OmniPro: 全方位プロアクティブストリーミング動画理解のための包括的ベンチマーク

要旨

全方位プロアクティブストリーミングビデオ理解、すなわち連続的な音声・映像ストリームからいつ発話すべきか、何を言うべきかを自律的に判断する能力は、全方位モーダル大規模言語モデルの新たな機能として登場している。既存のベンチマークには三つの主要な欠点がある：主に視覚信号に依存していること、ポーリング方式や固定タイムスタンプ方式を採用しており真のプロアクティブ評価ではないこと、カバーするタスクの範囲が限られていることである。これにより、全方位プロアクティブストリーミングモデルの信頼性のある評価と差別化が妨げられている。本論文では、全方位モーダル知覚、プロアクティブ応答、多様なビデオ理解タスクを共同で評価する初のベンチマークであるOmniProを提案する。OmniProは、9つのサブタスクと3つの認知レベルにわたる2,700の人間確認済みサンプルで構成され、6つの基本的なビデオ理解能力をカバーする。特筆すべきは、サンプルの84%が音声信号（発話または非発話）を必要とし、各サンプルにはモダリティ分離ラベルが付与されており、詳細なマルチモーダル分析が可能である。さらに、デュアルモード評価プロトコルを導入する：プローブモードでは、各グラウンドトゥルーストリガーの前後でモデルにクエリを実行してコンテンツ理解を評価し、オンラインモードでは、ストリーム入力においてモデルが自律的に応答タイミングを決定する完全なプロアクティブ能力を評価する。11の代表的なモデルを評価した結果、三つの主要な知見が得られた：(1)音声は一貫した性能向上をもたらすが、モデル間での活用度に大きなばらつきがある、(2)時間経過とともに性能が著しく低下し、長期的なロバスト性が限定的である、(3)非発話音声知覚が最も弱い次元である。

English

Omni-proactive streaming video understanding, i.e., autonomously deciding when to speak and what to say from continuous audio-visual streams, is an emerging capability of omni-modal large language models. Existing benchmarks fall short in three key aspects: they rely primarily on visual signals, adopt polling or fixed-timestamp protocols instead of true proactive evaluation, and cover only a limited range of tasks, preventing reliable assessment and differentiation of omni-proactive streaming models.

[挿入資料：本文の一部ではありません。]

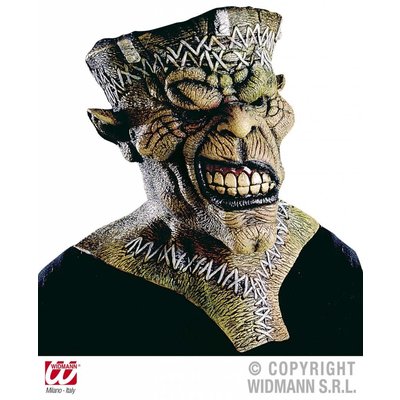 Halloweenaccessoires groot masker Ugly Frank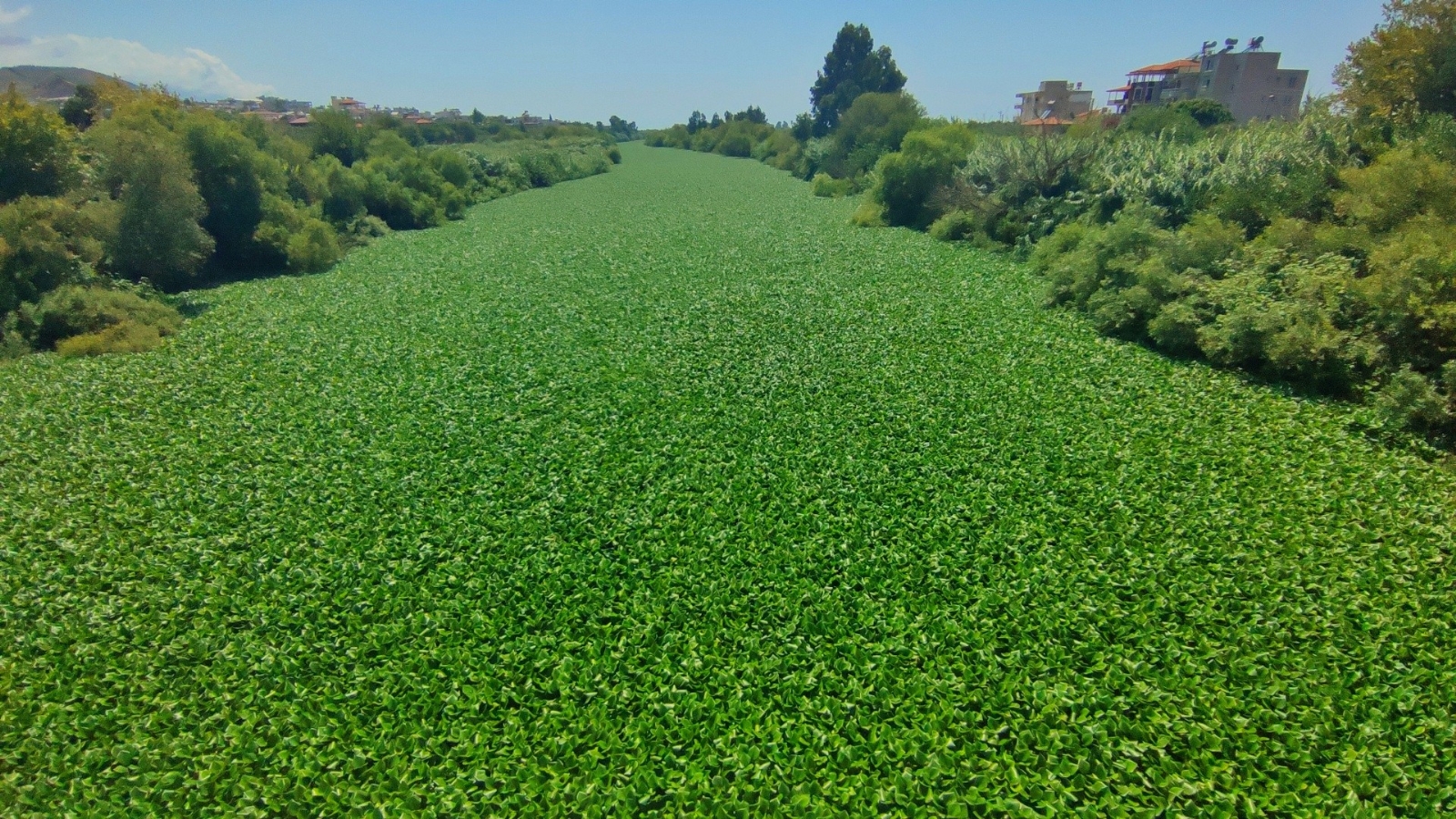 Hatay’da su sümbülleri Asi Nehri’ni istila etti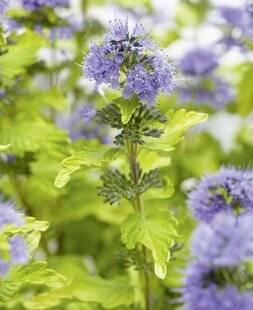 Mon Jardin & Ma Maison 793 CARYOPTERIS × CLANDONENSIS 'HINT OF GOLD'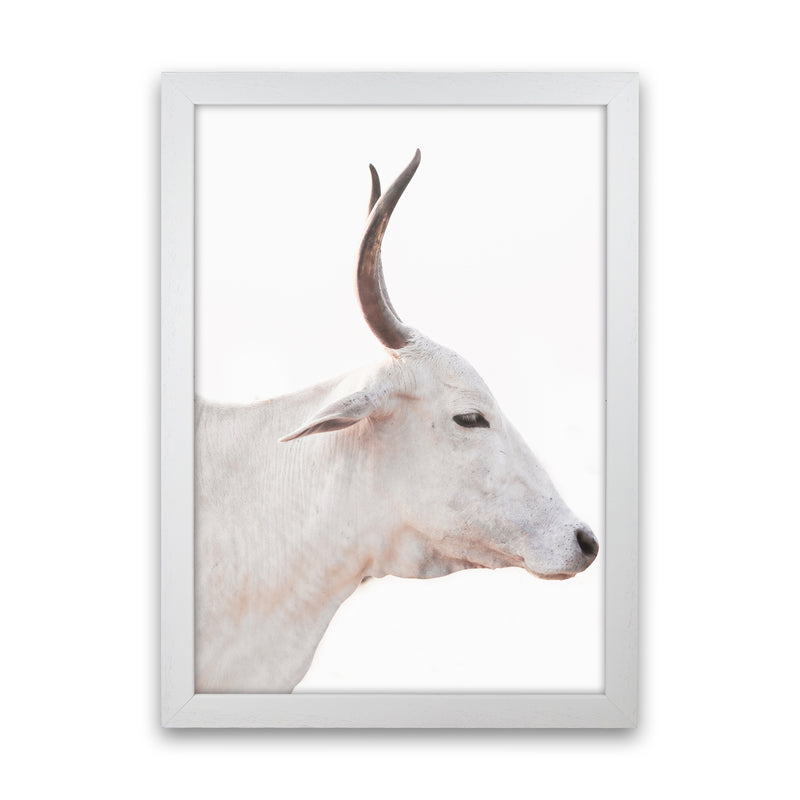 White Cow II Photography Print by Victoria Frost White Grain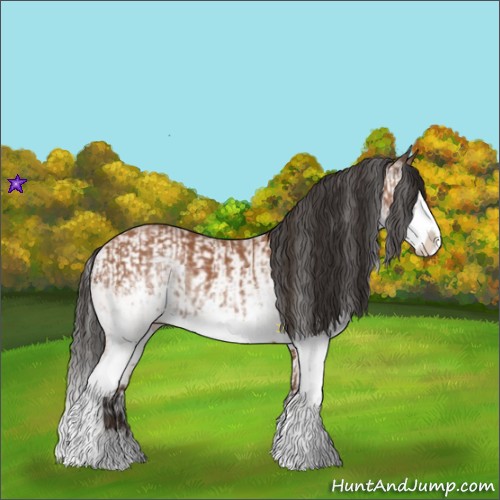 Horse Color:White Spotted Bay Splash  and White Spotted Bay Splash 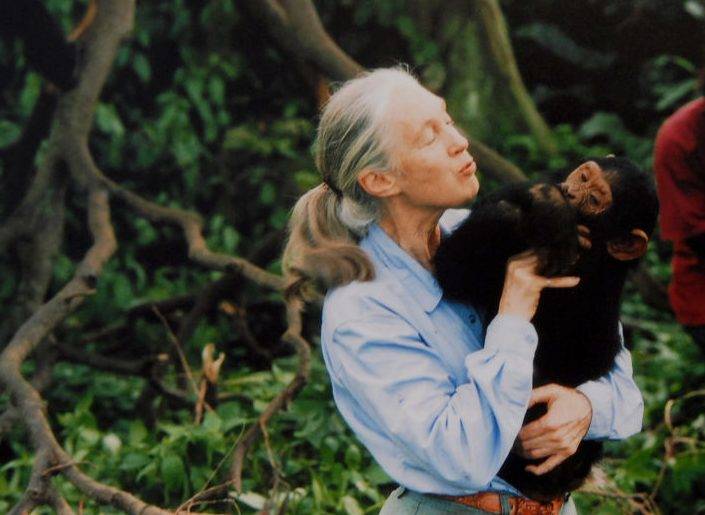 10 Surprising Facts You Didn’t Know About Jane Goodall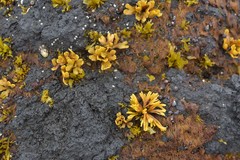 Pelvetiopsis limitata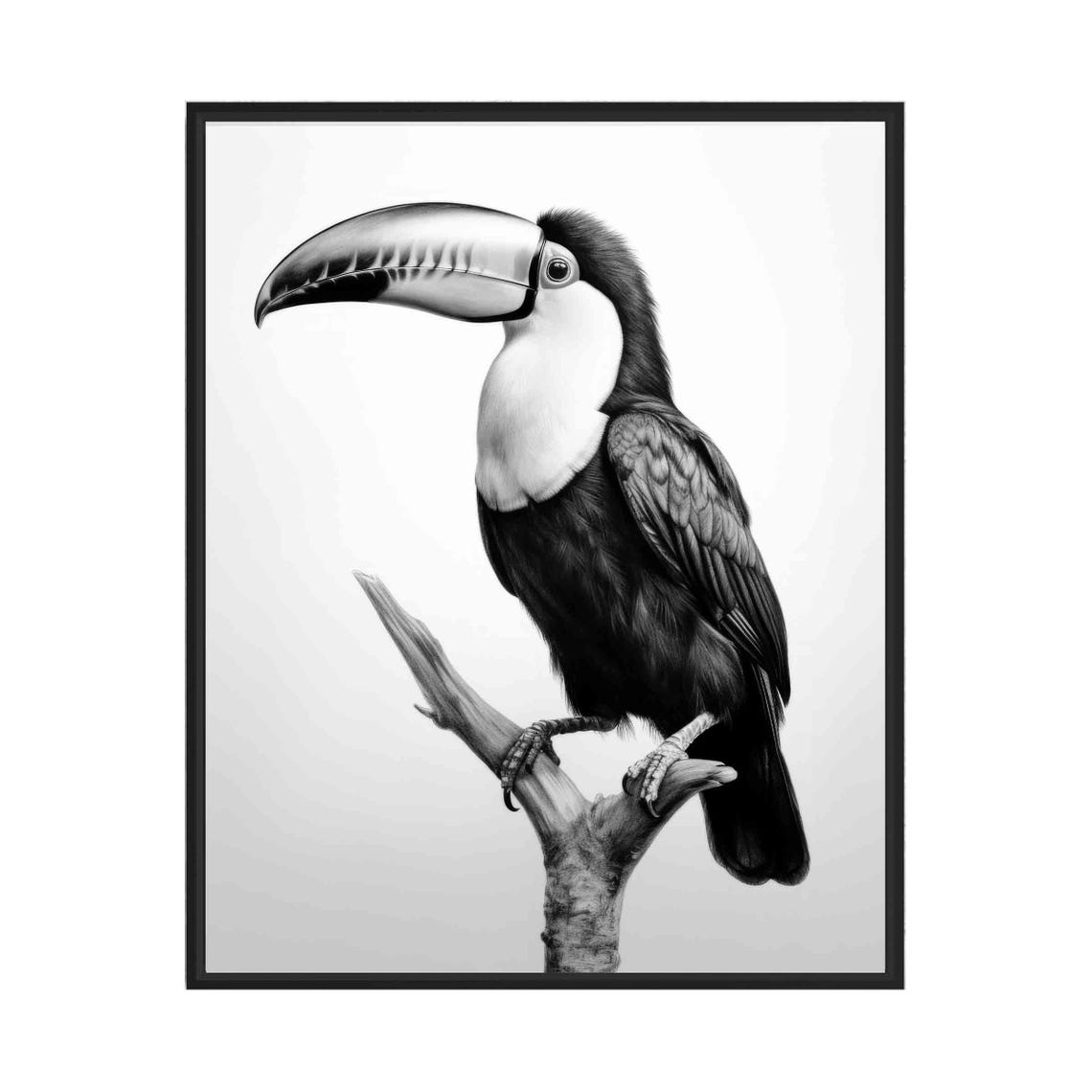 Black and White Toucan on Branch Detailed Art Poster Home Decor Gift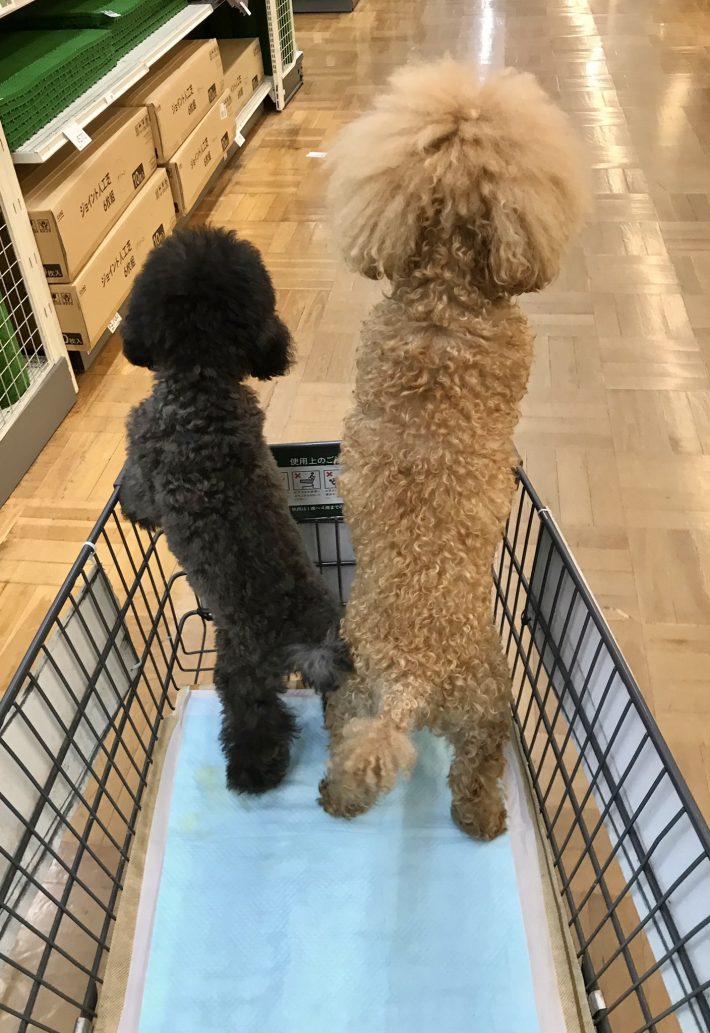 身長差ビフォー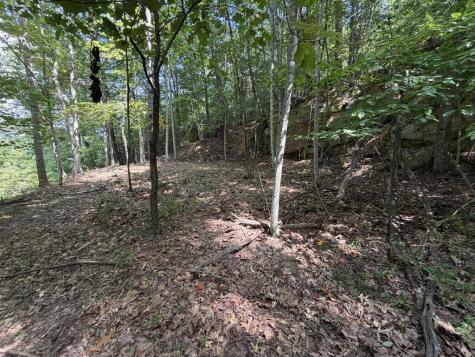 Lot 55 Eagles View Road Hayesville NC 28904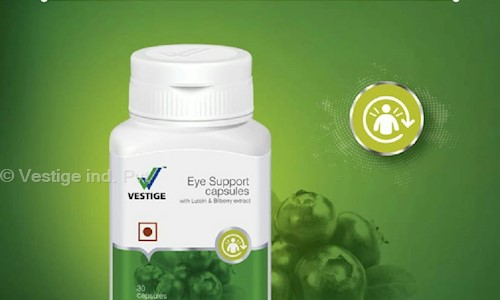 Vestige ind. Pvt.ltd - Job Training in Amravati Camp, Amravati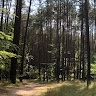 Ola Pałka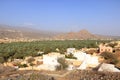 View over Al Hamra historic town in Oman, Asia, Arabian Penisula Royalty Free Stock Photo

We present OmniPro, the first benchmark to jointly evaluate omni-modal perception, proactive responding, and diverse video understanding tasks. It comprises 2,700 human-verified samples spanning 9 sub-tasks and 3 cognitive levels, covering 6 basic video understanding capabilities. Notably, 84% of samples require audio signals (speech or non-speech), and each sample is annotated with modality-isolation labels to enable fine-grained multimodal analysis. We further introduce a dual-mode evaluation protocol: Probe mode assesses content understanding by querying the model before and after each ground-truth trigger, while Online mode evaluates full proactive ability by requiring models to autonomously decide when to respond in streaming input. Evaluating 11 representative models reveals three key findings: (1) audio provides consistent gains but with highly variable utilization across models, (2) performance degrades significantly over time, indicating limited long-horizon robustness, and (3) non-speech audio perception remains the weakest dimension.